It was symbolic, then, that he was killed reading the Holy Book. The Qur’ān of Uthmān became a sacred object, sealed with the martyred caliph’s blood, the nearest thing the Islamic tradition would allow as a legitimizing relic. The Abbasid caliphs would later display the ‘Qur’ān of Uthmān’ on ceremonial occasions. We hear of ‘Qur’āns of Uthmān’ that were used by the Umayyads of Córdoba and later by their Almohad successors, there are such Qur’āns in libraries in Cairo and in the collections of the Ottoman sultans (and caliphs) in the Topkapi palace in Istanbul. A magnificent and undoubtedly very ancient one can still be seen, copiously spattered with what are alleged to be drops of caliphal blood, displayed with all due pomp in Tashkent, where it serves the present rulers of Uzbekistan as evidence of their real or feigned piety and commitment to Islam.

Alī and the End of the Orthodox Caliphate

The murder of Uthmān unleashed a complex series of events which revealed the many and varied views of what the caliphate should be and how the new caliph should be chosen. At first, authority passed to Alī. He and many others may have thought that his time had come, but there seems to have been no formal arrangement for the succession, and certainly no shūra. This lack of a clear mandate was one of the factors which undermined his rule from the beginning.

The first challenge came from within the elite of Quraysh. Alī was, of course, himself a member of the tribe, but he had been slow to accept Abū Bakr. He also had a considerable following among the ansār and perhaps his political loyalties were to them. He had converted to Islam early and had been close to the Prophet, but he was not the only one. Although it was a quarter of a century since Muhammad’s death, there were other men who felt that their status within the tribe and early commitment to Islam entitled them to a leading role in the community. Among them was Zubayr b. al-Awwām. A prominent Qurashi, he had been one of a small group of Muslims who had emigrated to Ethiopia to escape the persecution that Muhammad and his followers had endured in Mecca before the Hijra to Medina in 622. He had returned and joined the Muslim community in Medina and had been one of the six prominent Muslims who had been chosen by Umar to make up the shūra which chose Uthmān. He and a companion of his from a very similar background, Talha b. Ubayd Allah, objected to the appointment of Alī and decided to challenge it. They were joined by a third person, the Prophet’s wife Aisha, who some said was his favourite wife. Aisha was probably motivated by a long-standing personal antipathy to Alī, but she was also the daughter of Abū Bakr; she knew Zubayr and Talha well and would naturally be attracted to the Qurashi cause.

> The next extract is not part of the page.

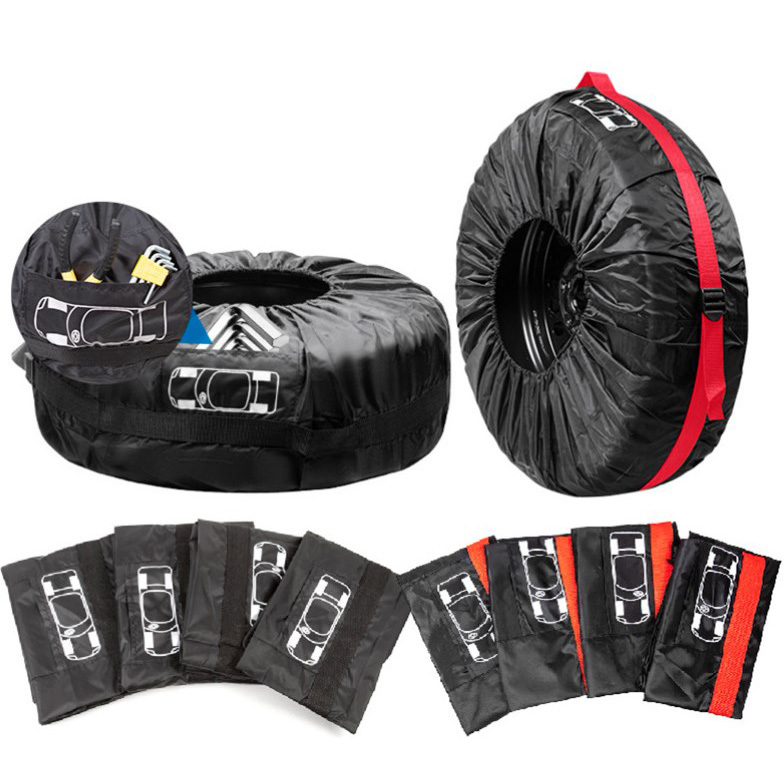 Practical strong durable portable folding storage business gifts tyre packaging polyester drawstring bags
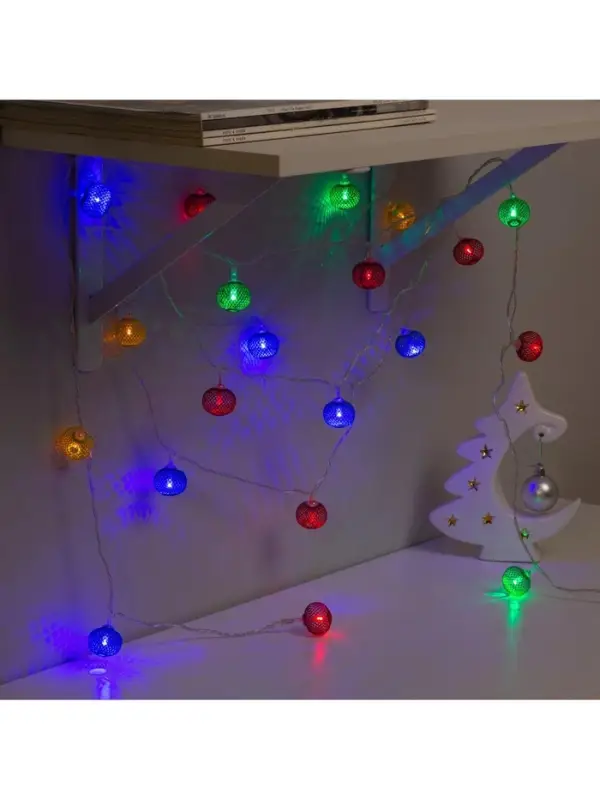 Гирлянда &laquo;Нить&raquo; 4 м с насадками &laquo;Шарик сетка&raquo;, IP20, прозрачная нить, 20 LED, свечение мульти, 8 режимов, 220 В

Alī faced a much bigger challenge to his credibility as caliph: his role, or rather his lack of role, in Uthmān’s murder. There is no evidence that he had participated in the old man’s death, or even that he had encouraged the attackers, but, on the other hand, he does not seem to have offered him any protection or support at a time of need despite being in Medina and having a substantial following among the inhabitants. Uthmān was dead, but his large and powerful family, the Umayyads, demanded, as was their right, that the murderers of their kinsman should be punished. Many of the Umayyads left Medina and took refuge with one of their number, Mu‘āwiya b. Abī Sufyān. Mu‘āwiya, like many of his family, seems to have been a fairly late convert to Islam but he had served as one of the Prophet’s secretaries so had known him well. He had taken part in the conquest of Syria and when the country was conquered he had been appointed as governor. He had made Syria his powerbase, marrying into one of the most important local tribes, the Banū Kalb of the Palmyrene desert. He had come to represent the Syrian interest and command the loyalties of Syrians, both Muslims and others, like the chiefs of Kalb, who remained Christians. No other figure in the community could attract this degree of military and financial support. If Alī failed to avenge his murdered kinsman he would prove himself incapable of being a true caliph and until he fulfilled his duty Mu‘āwiya would refuse to take the oath of allegiance.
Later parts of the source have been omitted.